Dalam menata alumni, programnya yaa tentu penataan organisasi. Penataan organisasi yang sedang disusun adalah database alumni, sehingga kita bisa mudah mengakses alumni, berbasis profesi masing-masing. Jadi, ini mulai kita lakukan, mentracking istilahnya. Yakni mentracking karir-karir alumni di tengah-tengah masyarakat, mentracking kiprah alumni. Sehingga kalau itu sudah bisa dilakukan, harapannya bisa memikirkan maslahah yang jangkauannya lebih luas.


Selaku Ketua IKA, Anda kan juga dosen di Kampus Stais, pertanyaannya, untuk alumni itu sendiri, apa pengabdian yang bisa mereka lakukan untuk Stais? Apa yang bisa mereka persembahkan untuk Kampus Stais? Apakah antara alumni dan kampus itu ada sinkronisasi atau jalan sendiri-sendiri?
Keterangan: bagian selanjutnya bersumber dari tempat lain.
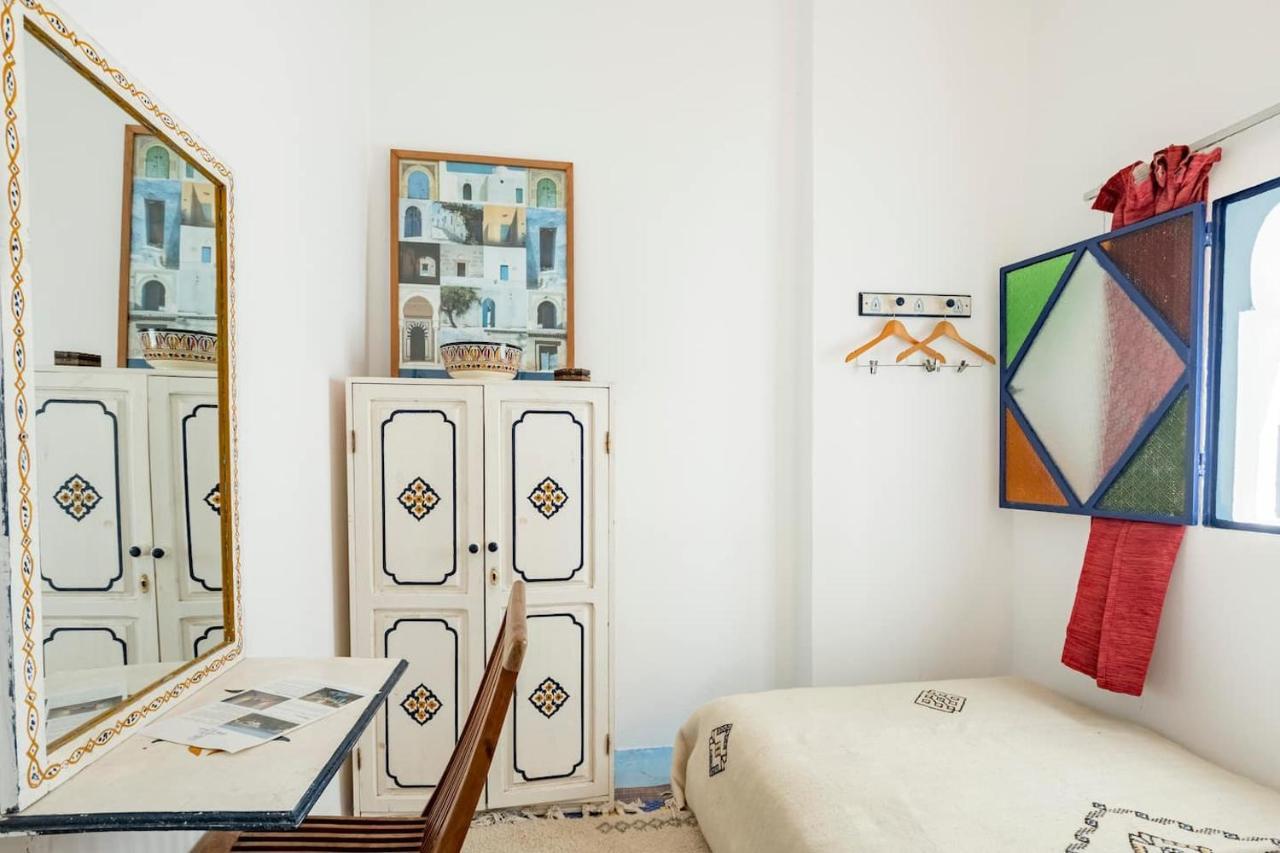 Dar Yamna Maison Typique Kasbah De Tanger Luaran gambar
Baca juga  PAC Muslimat NU Kadur Sukses Gelar Konferensi Ke-6

Pertama, kalau rencana strategis pengembangan Kampus Stais, tentu tidak dilepaskan dari keterlibatan alumni. Apalagi pasca pindah ke gedung baru, Kampus Stais ini kan masih menata banget. Jadi, Kampus Stais ini didesain sebetulnya, bahkan hampir sepenuhnya didesain untuk bisa memaksimalkan peran-peran alumni. Buktinya, dari beberapa alumni yang qualifite (punya kualifikasi) dalam suatu bidang, memenuhi persyaratan, itu digunakan. Artinya kalau memang ada alumni yang punya dedikasi untuk membangun dan mengembangkan kampus, pasti itu yang lebih diprioritaskan (daripada yang bukan alumni).
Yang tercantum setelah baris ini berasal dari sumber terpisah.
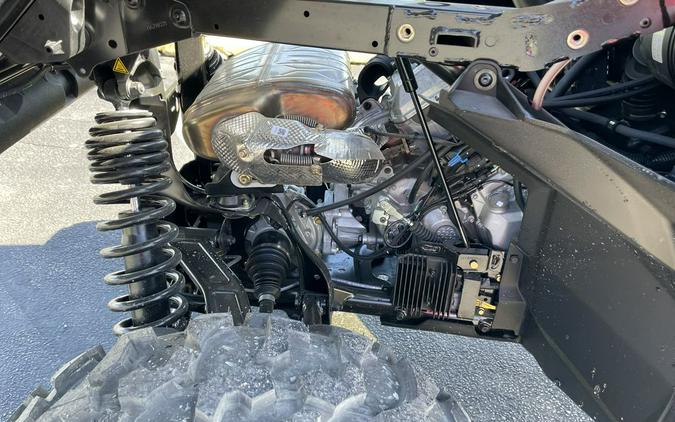 2025 Can-Am COMMANDER DPS 700 - COMPASS GREEN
Kedua, mengembangkan kampus itu kan tidak hanya berbicara di dalam Kampus Stais saja. Membangun masyarakat pun kan juga demi masadepan pembangunan Kampus Stais juga. Karena kampus itu kan tugasnya adalah pendidikan, penelitian dan pengabdian masyarakat. Saya kira, kiprah yang paling besar yang bisa digarap oleh alumni secara merata, adalah pengabdian masyarakat. Ya tentu tidak menafikan peran-peran alumni di sektor penelitian dan pendidikan. Namun di bidang pengabdian masyarakat, inilah yang paling menjadi topik utama ketika berbicara tentang alumni.
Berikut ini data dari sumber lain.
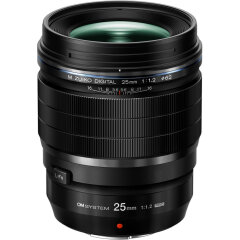 OM SYSTEM M.Zuiko Digital ED 25mm f/1.2 Pro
Terakhir, mungkin ada yang mau disampaikan?
Dukung saya jadi Calon Bupati Bangkalan. Hehehe (sambil tertawa dengan nada bergurau).

Kirim ke :

Tinggalkan Balasan

Alamat email Anda tidak akan dipublikasikan. Ruas yang wajib ditandai *

Copyright © All of nules.co | Newsphere by AF themes.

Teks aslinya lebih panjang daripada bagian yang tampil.